*** Opening DATA UNDER STUDY ***

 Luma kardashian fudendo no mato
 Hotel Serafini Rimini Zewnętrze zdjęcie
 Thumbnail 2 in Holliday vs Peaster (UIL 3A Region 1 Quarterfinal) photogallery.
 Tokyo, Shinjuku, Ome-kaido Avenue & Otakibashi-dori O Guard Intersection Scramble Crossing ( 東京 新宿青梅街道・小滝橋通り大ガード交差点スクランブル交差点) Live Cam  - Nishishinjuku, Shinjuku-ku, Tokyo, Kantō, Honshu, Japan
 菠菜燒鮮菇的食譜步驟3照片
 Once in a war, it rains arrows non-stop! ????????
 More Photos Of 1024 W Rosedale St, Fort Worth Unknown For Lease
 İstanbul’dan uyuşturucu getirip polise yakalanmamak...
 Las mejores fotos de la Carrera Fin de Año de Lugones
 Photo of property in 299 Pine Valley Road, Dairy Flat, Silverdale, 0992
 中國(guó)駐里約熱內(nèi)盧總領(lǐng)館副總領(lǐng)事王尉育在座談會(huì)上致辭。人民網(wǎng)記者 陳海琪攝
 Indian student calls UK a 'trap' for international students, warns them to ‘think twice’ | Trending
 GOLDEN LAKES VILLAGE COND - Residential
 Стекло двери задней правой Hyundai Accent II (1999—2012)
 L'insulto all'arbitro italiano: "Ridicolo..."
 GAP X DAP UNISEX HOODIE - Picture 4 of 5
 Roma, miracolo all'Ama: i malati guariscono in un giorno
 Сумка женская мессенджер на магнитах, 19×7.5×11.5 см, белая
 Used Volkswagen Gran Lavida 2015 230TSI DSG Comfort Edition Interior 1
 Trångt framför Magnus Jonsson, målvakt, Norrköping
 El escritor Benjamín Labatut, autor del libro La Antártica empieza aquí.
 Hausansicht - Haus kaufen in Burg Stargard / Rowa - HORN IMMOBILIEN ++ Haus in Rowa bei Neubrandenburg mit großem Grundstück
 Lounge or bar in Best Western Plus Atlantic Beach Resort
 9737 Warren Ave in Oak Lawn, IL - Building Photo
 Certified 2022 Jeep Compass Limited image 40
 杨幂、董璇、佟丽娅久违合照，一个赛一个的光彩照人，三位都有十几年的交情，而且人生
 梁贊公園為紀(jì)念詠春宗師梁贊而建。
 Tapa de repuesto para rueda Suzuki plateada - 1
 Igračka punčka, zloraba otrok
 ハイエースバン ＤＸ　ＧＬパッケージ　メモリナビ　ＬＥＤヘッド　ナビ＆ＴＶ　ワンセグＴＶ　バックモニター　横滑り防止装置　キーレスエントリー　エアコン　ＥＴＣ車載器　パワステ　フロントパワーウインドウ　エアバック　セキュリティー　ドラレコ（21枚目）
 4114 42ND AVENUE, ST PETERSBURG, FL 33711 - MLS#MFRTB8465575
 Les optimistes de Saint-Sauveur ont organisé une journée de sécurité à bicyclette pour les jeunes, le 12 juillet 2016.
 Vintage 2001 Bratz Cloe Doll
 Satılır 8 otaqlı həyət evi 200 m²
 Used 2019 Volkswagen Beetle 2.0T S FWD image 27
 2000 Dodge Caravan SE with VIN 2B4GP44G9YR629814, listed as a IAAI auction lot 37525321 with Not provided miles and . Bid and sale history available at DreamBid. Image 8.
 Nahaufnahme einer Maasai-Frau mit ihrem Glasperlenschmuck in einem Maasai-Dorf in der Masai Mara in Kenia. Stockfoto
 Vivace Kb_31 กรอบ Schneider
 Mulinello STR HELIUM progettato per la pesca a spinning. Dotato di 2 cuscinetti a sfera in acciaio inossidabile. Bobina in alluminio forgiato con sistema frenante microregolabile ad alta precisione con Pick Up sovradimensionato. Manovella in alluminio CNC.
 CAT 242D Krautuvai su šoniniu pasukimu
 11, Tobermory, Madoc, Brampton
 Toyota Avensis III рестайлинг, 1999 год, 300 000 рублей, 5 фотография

*** Closing DATA UNDER STUDY ***

Filter the entries above down to the lines containing the word "Used".

◆ TASK OUTPUT ◆
 Used Volkswagen Gran Lavida 2015 230TSI DSG Comfort Edition Interior 1
 Used 2019 Volkswagen Beetle 2.0T S FWD image 27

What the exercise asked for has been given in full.